* _DATA BELOW_:
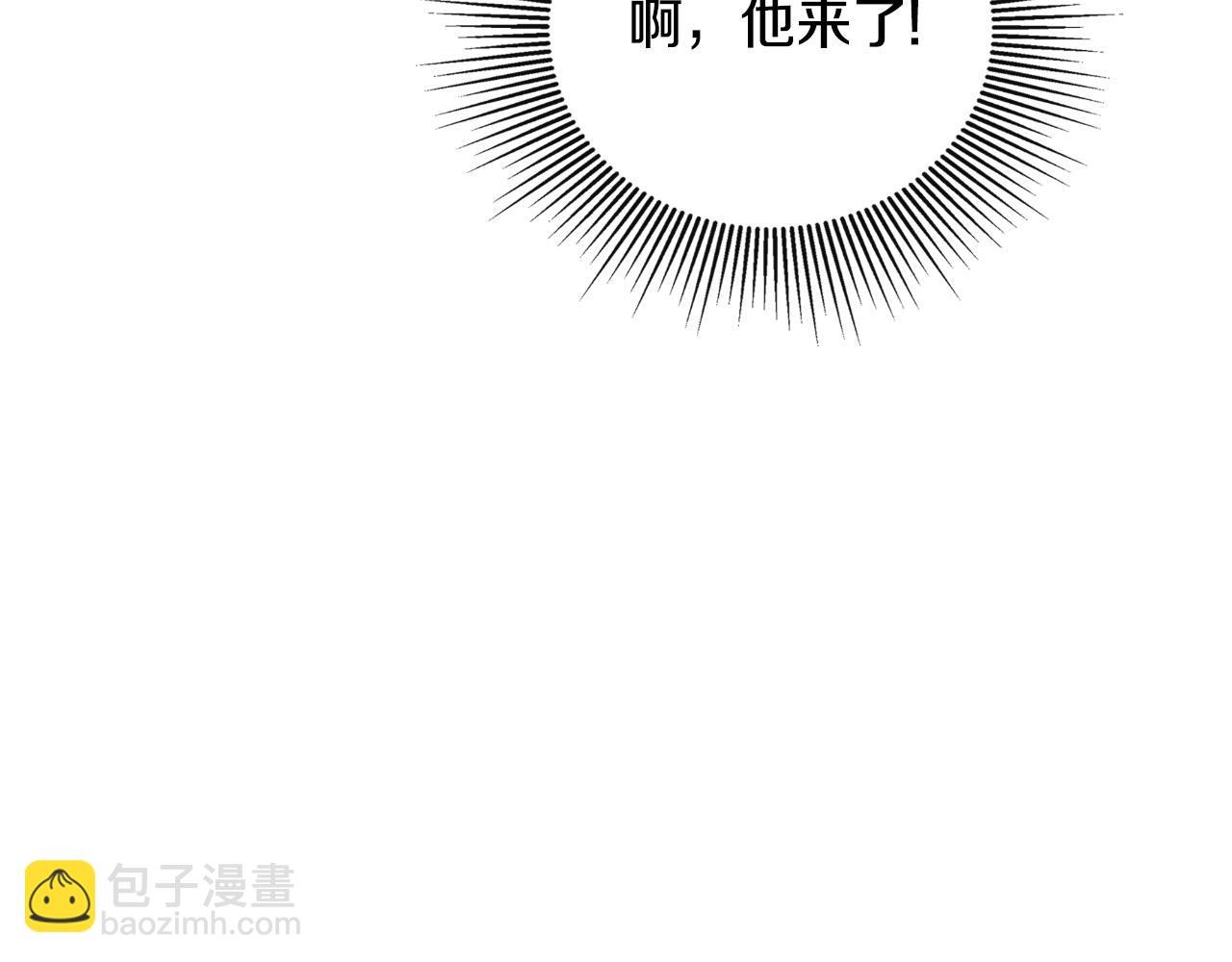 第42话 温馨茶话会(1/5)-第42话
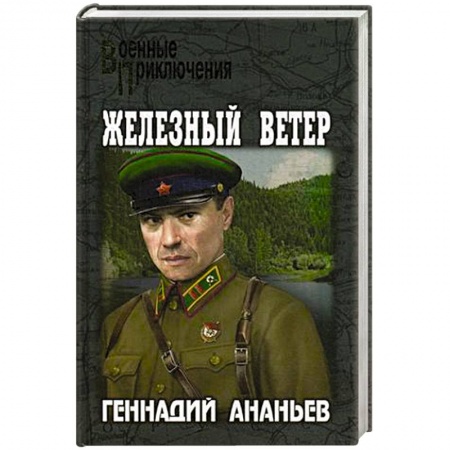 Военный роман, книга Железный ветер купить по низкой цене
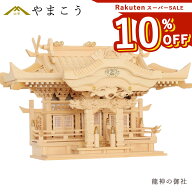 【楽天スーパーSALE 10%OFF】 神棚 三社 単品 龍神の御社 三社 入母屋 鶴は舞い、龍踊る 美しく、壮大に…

* _ABOUT THIS TASK_:
Keeping every word as it is, write out all the data and omit the pictures.

* _SOLUTION FOR THIS EXERCISE_:
 第42话 温馨茶话会(1/5)-第42话
 Военный роман, книга Железный ветер купить по низкой цене
 【楽天スーパーSALE 10%OFF】 神棚 三社 単品 龍神の御社 三社 入母屋 鶴は舞い、龍踊る 美しく、壮大に…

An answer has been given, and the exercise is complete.